Assignment 1, kNN classifier
truehines opened this issue · 1 comments
Mahan,
I think I have found an error in the k-fold cross validation snippet of the knn jupyter notebook. In the second segment of this snippet, the line:
train_set = np.concatenate((X_train_folds[:i] + X_train_folds[i+1:]))
I believe that using the "+" operator on these two arrays (X_train_folds[:i] & X_train_folds[i+1:]) will actually add together the array elements instead of concatenating them as you intended. Do you agree with this?
In my own implementation I have the following (the reason for the if-elif-else is that concatenating an empty array gives an error):
if i == 0:
X_train_fold = np.concatenate(X_train_folds[(i + 1):num_folds])
y_train_fold = np.concatenate(y_train_folds[(i + 1):num_folds])
elif i == (num_folds - 1):
X_train_fold = np.concatenate(X_train_folds[0:i])
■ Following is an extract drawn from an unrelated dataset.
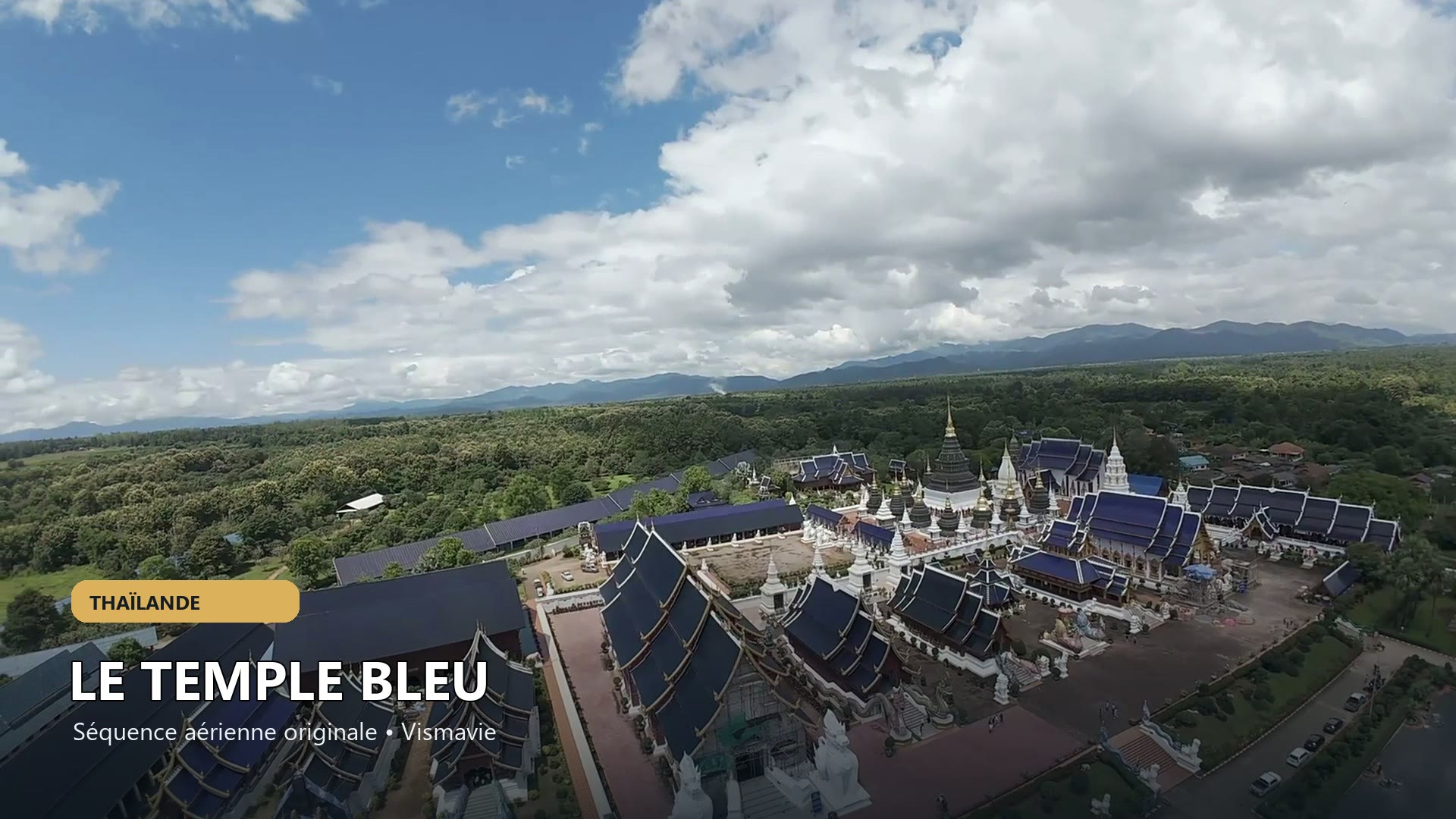 Temple bleu de Thaïlande vu du ciel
y_train_fold = np.concatenate(y_train_folds[0:i])
else:
X_train_fold = np.concatenate((np.concatenate(X_train_folds[0:i]), np.concatenate(X_train_folds[(i + 1):num_folds])))
y_train_fold = np.concatenate((np.concatenate(y_train_folds[0:i]), np.concatenate(y_train_folds[(i + 1):num_folds])))
classifier.train(X_train_fold, y_train_fold)
I am open to suggestions on a cleaner way to implement this...
Your feedback is greatly appreciated -- I don't have someone to discuss this type of thing with....
Regards,
True
Hey,
Sorry for the delayed response.
When slicing a list, i.e. reading of an array using the :
operator for the index, another list is returned. Try this:
myList = [0, 1, 2, 3]
myList[:2] # gives [0, 1]
myList[:1] # gives [0]
myList[:0] # gives []
Also, the +
operator when applied on lists, acts as a concatenator. Try this:
myList[:2] + myList[:2] # gives [0, 1, 0, 1]
The numpy concatenate function then takes a list of numpy arrays as the input and stacks them up into a single array along the first axis, which is treated as the new training/test set. Also, notice how deliberately I ommit a fold by indexing. So I guess this is the cleanest way to go. Correct me if I'm wrong.
Best,
Mahan